Homebrewed and commercial sorghum beer is often sold in unhygienic and unsafe packaging that is not tamper-proof, therefore, any substance can be added to the brew, warns packaging manufacturing company Nampak liquid cartons MD Raymond Dube.
Unscrupulous traders often open the beer and water it down or add dangerous concoctions to it such as other alcohol, methylated spirits and in severe cases even battery acid to give it a “kick”, he adds. This means that people often get sick, or worse.
Illicit homebrews are mostly packed in open and unhygienic containers, which are easily susceptible to abuse and meddling, Dube warns.
He adds that some traders also reuse unsafe packaging and under declare how much beer they are really selling, thereby dodging excise duties and other taxes.
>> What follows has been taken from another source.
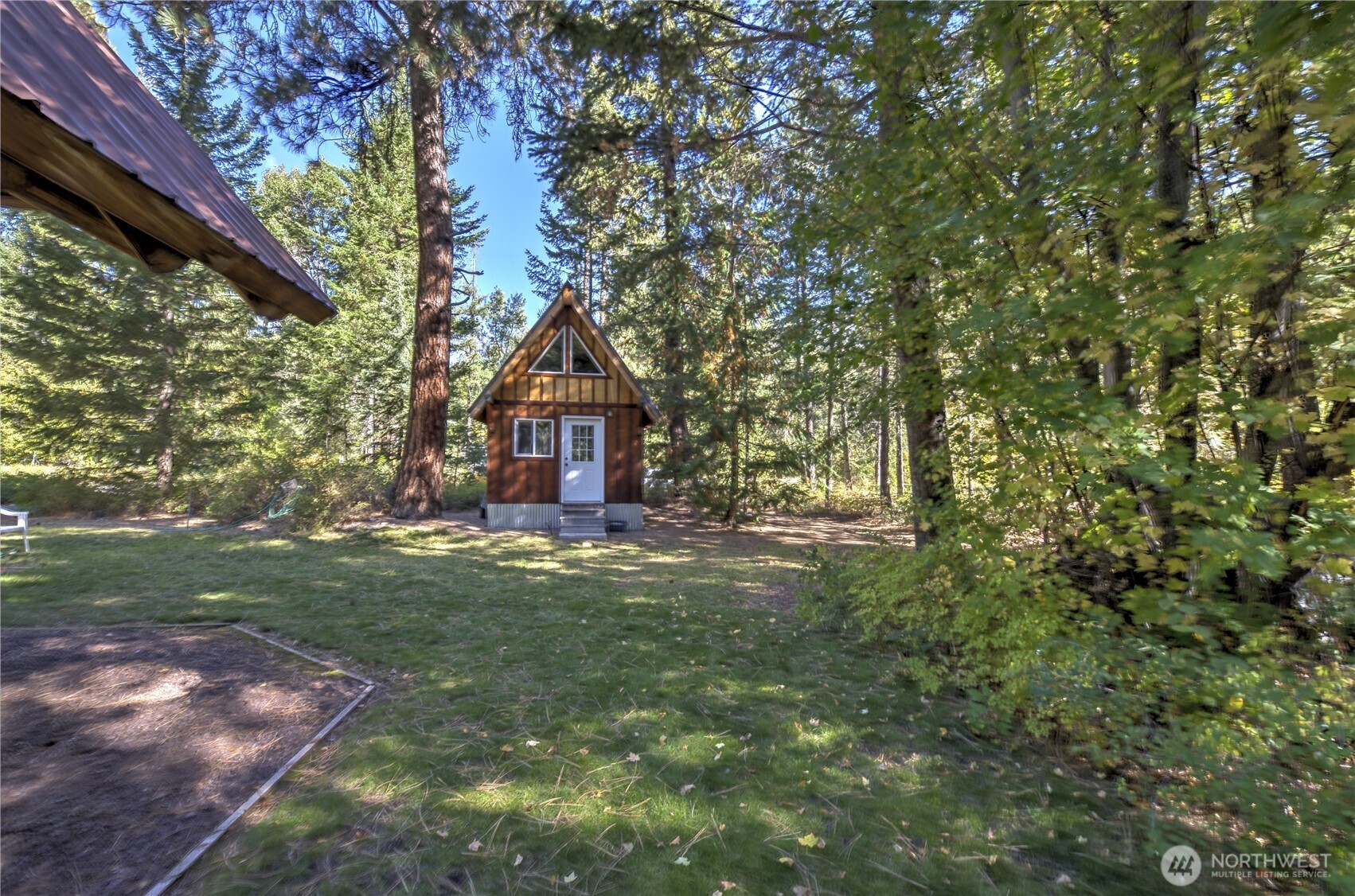 26 Mercer Road , Mazama, WA 98833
“The solution to this will be that traditional beer is packaged in a tamper-proof conical cartons that are sealed and cannot be meddled with. So, retailers and consumers can trust that the beer inside a sealed carton is the same great quality that left the brewery, and nothing else.”
Meanwhile, Dube adds that the brewing and consumption of home-made alcohol has increased over the months during and following the banning and unbanning of the sale of alcohol in South Africa.
He warns that there are dangers that come with it.
“Many South Africans have died or were hospitalised from drinking homebrew they had either made or purchased illegally. Although homebrewing is not specifically tied to lockdown or the banning of alcohol, there are both safe and unsafe methods of homebrewing.”
Gauteng Community Safety MEC Faith Mazibuko called out homebrewers in a scathing social media post after Gauteng community safety officials found that traditional beer being sold at an informal settlement in Soweto was infested with maggots.
The brewing and consumption of quality traditional (or sorghum) beer has a long and rich history in South Africa. Tribes throughout Africa have brewed beer for centuries and carried the art of brewing sorghum with them as they migrated across Africa.
Traditional beer brewing is steeped in traditions that go hand-in-hand with ceremonial and cultural occasions and gatherings. Protecting such a key part of the South African ethos must become a priority for the country, concludes Dube.